No. Voltage has nothing to do with current rating.
Current ratings in connectors are usually (always?) based on temperature rise. For example, maybe the connector was tested at 5 Amps and it was found that after a long time, the temperature of the connector stabilized at 60 degrees in a 25 degree room, so this was declared to be the maximum allowable current. (I am just kind of making up numbers here to explain the idea.... these are not real numbers from a real connector).
However, if you know that your room will always be 10 degrees, maybe you can get away with running the connector at 6 Amps. Likewise, if you are only going to run 6 Amps for 5 minutes, then rest for 1 hour, maybe that is OK, too.

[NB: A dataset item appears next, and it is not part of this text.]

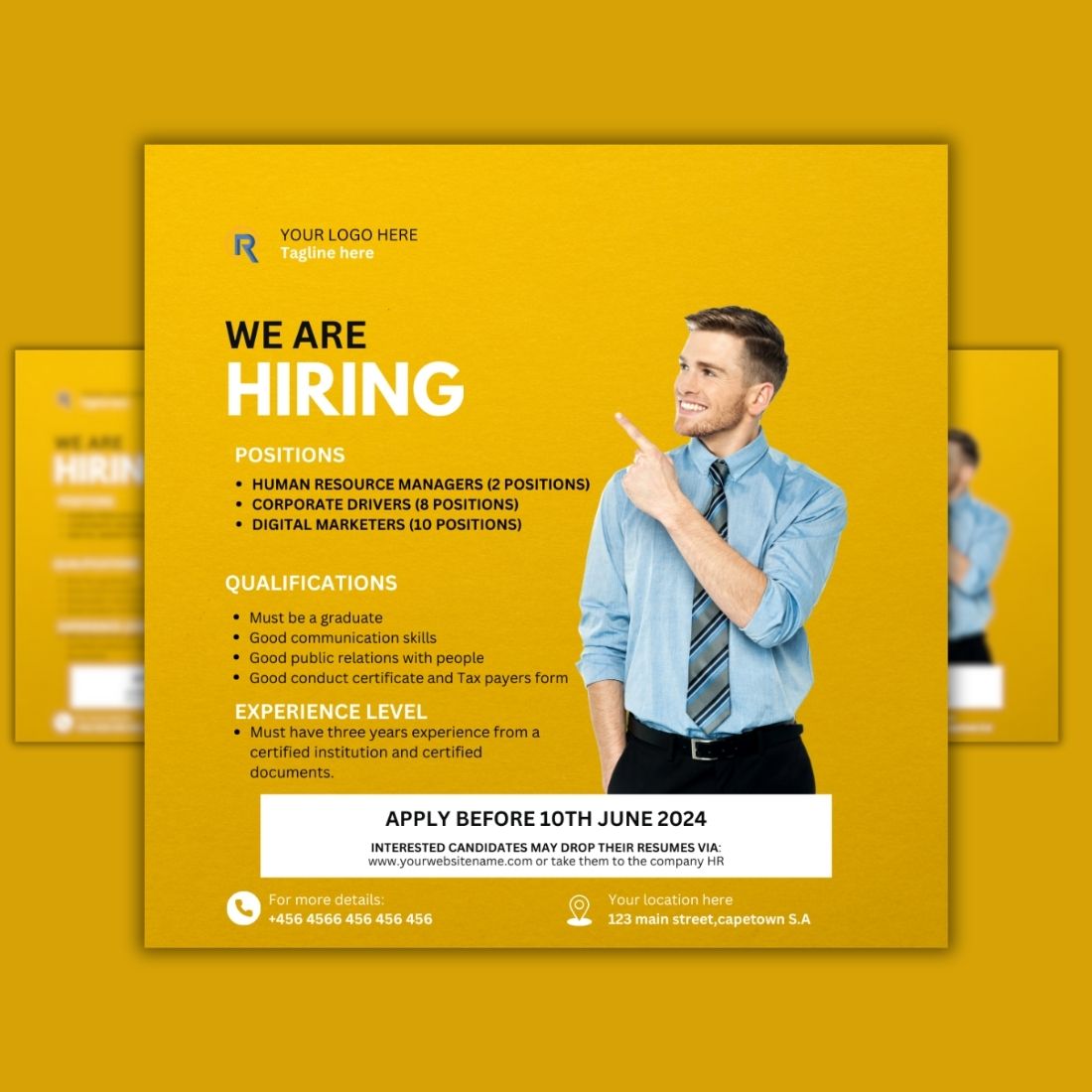 1 Instagram Sized Canva Hiring Design Template Bundle - $4 preview image.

But doubling the current will probably cause the connector to overheat fairly quickly. So, the best thing to do is use the component within its published limits, or test it yourself to make sure it will work satisfactorily.
Connectors get hot because they have some resistance, R. The power dissipation in the connector is I2R. So doubling the current will quadruple the power dissipation and temperature rise in the connector (even more than quadruple because of the positive temperature coefficient of resistance).
So if a connector runs at 60 C in a 25 C room at 5 Amps (5 Amps -> 35 C temperature rise), then when you double the current to 10 Amps it will probably stabilize at over 165 C (10 Amps -> 140 C temperature rise). Unless the plastic melts first.